Metazoan Atg1-Atg13 complexes have also accrued additional regulatory mechanisms that have not been described in yeast, including negative feedback from Atg1 to TOR, phosphorylation of Atg13 by Atg1, and nutrient-dependent effects on the stability of these proteins. These additional layers of regulation are in keeping with the elaboration of intracellular signaling pathways in metazoans. The observation that Atg13 phosphorylation is both TOR- and Atg1-dependent under fed conditions suggests a model whereby phosphorylation by one of these kinases may serve as a priming event for the other. In addition, the role of Atg1-dependent phosphorylation of Atg13 under starvation conditions remains an important question. Although the Atg1-independent localization of Atg13 to autophagosomes and its activation of Atg1 indicate that Atg13 functions upstream of Atg1, the finding that Atg13 acts as a substrate for Atg1-dependent phosphorylation raises the possibility that Atg13 may also act to transduce signals downstream of Atg1. Identification of additional Atg1 substrates and Atg13 interacting proteins may help clarify this issue.
Given its positive role in autophagy induction, the ability of Atg13 to inhibit autophagy when overexpressed was unexpected. This may in part reflect a dominant negative effect of Atg13 overexpression causing titration of Atg1 complexes or competition with other Atg1 substrates. However, the observation that Atg13 stimulates TOR-dependent phosphorylation of Atg1 and that Atg1 levels increase in Atg13
mutant cells suggests that Atg13 has both positive and negative roles in autophagy induction. These opposing activities of Atg13 are reminiscent of the mTOR complex I component Raptor, which plays an essential role in TOR signaling yet also inhibits TOR activity under starvation conditions (Kim et al., 2002
). Our results suggest that Atg13 may play an analogous role, switching between states of promoting or inhibiting autophagy, thereby sharpening the response to changes in nutrient conditions. These findings suggest that the relative ratio of Atg13 to Atg1 or to other components of the complex may play an important role in dictating its activity. In this regard, the differential regulation of Atg1 and Atg13 levels by TOR could provide an additional mechanism whereby TOR signaling can influence autophagic activity.

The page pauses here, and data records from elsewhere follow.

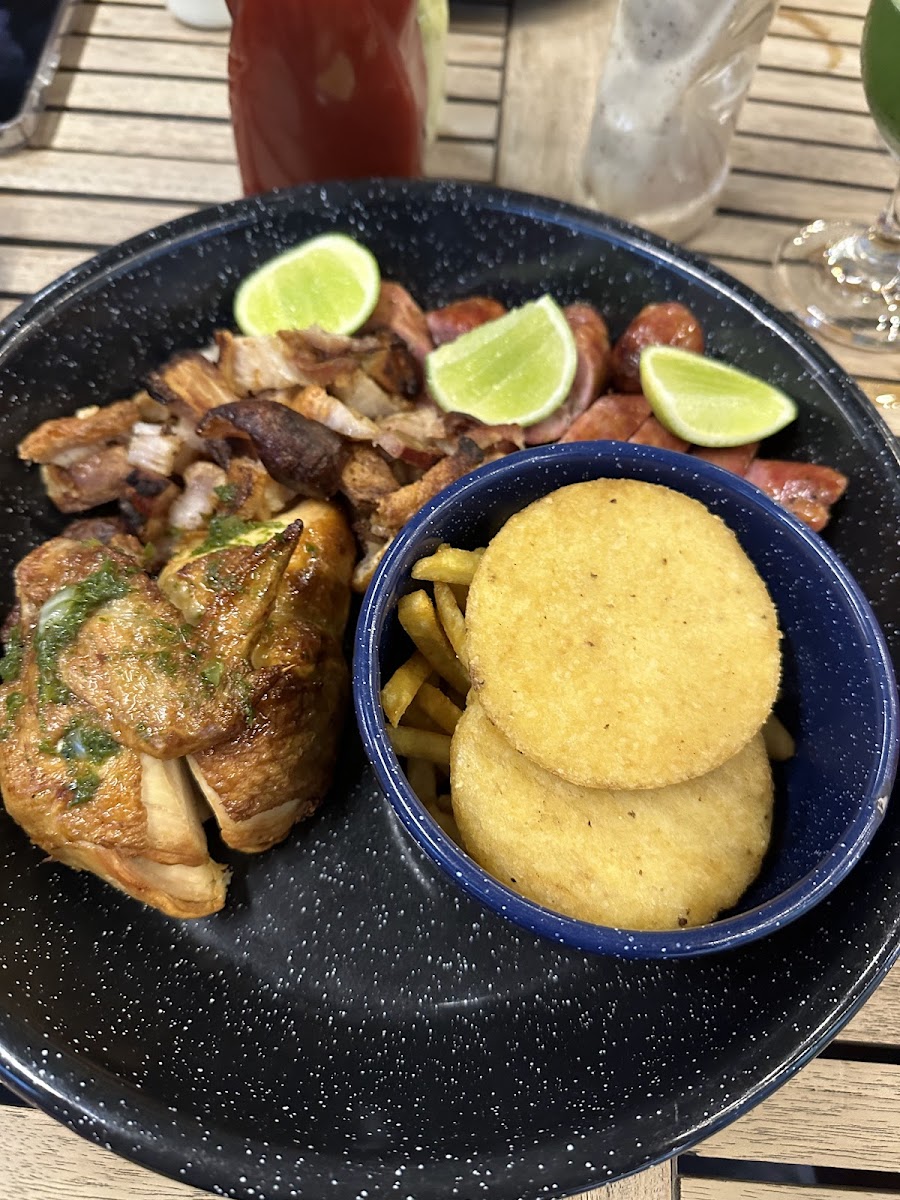La ChoriPolleria
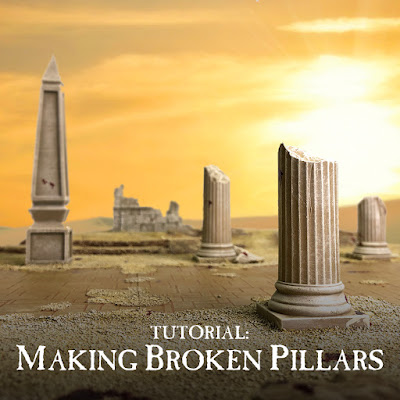 Making Broken Pillars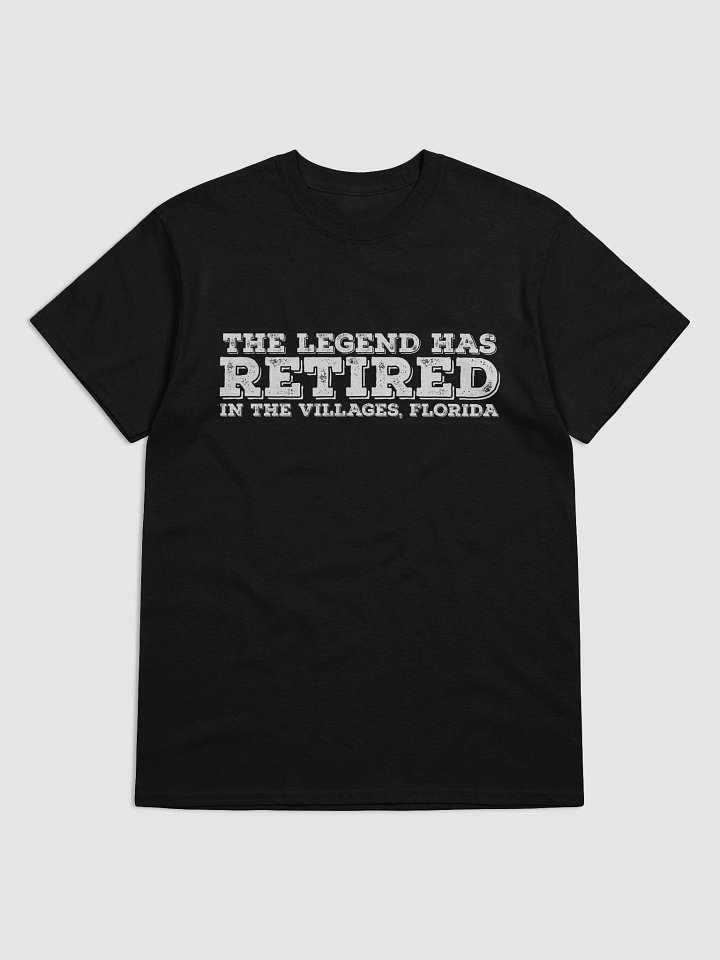 The Legend Has Retired in The Villages, Florida product image (9)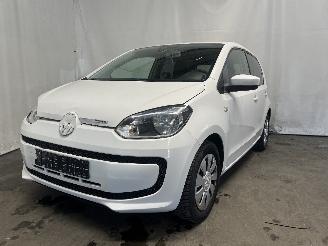 Damaged car Volkswagen Up! Up! (121) Hatchback 1.0 12V 60 (CHYE) [44kW]  (08-2011/08-2020) 2015/1
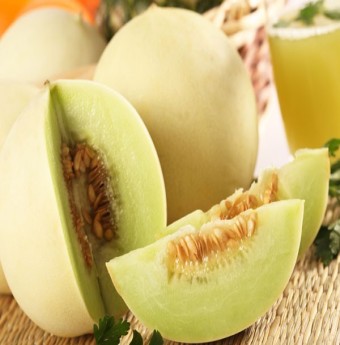Cách chọn dưa lê đầu mùa vừa ngon, vừa an toàn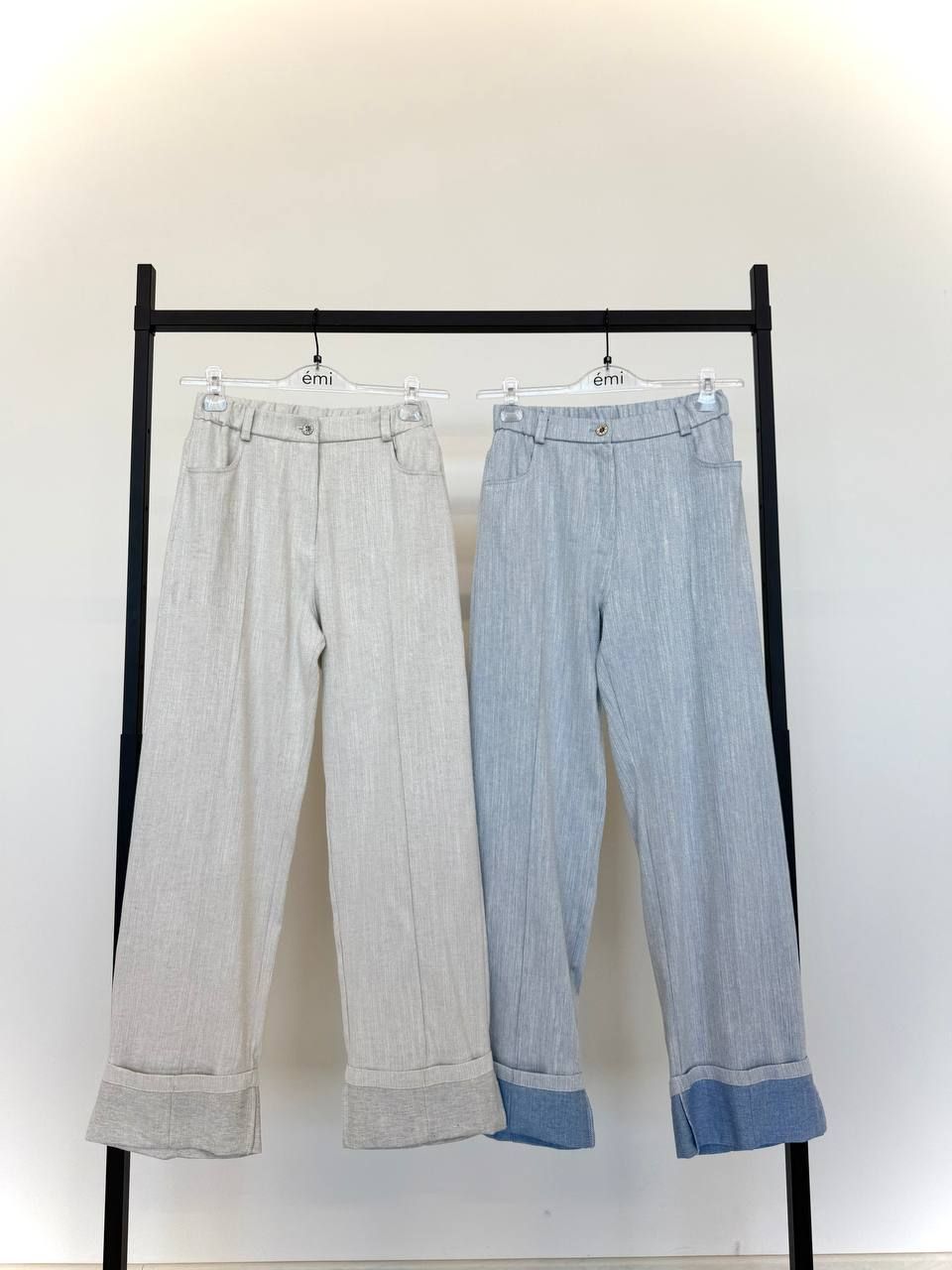 Set de Pantalon y Jacket jeans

Although the autophagy-defective phenotypes of Atg1
mutants reveals the dominant positive roles of these genes, disruption of other putative components of this complex leads to autophagy induction (unpublished data), suggesting some components may play primarily negative roles.
In conclusion, our results demonstrate that Atg1-Atg13 complexes play an essential, conserved role in promoting autophagy in response to TOR inactivation, with additional regulatory functions unique to metazoans. Further insight into the regulation of this complex and identification of its targets may lead to additional means of manipulating autophagy rates for therapeutic purposes.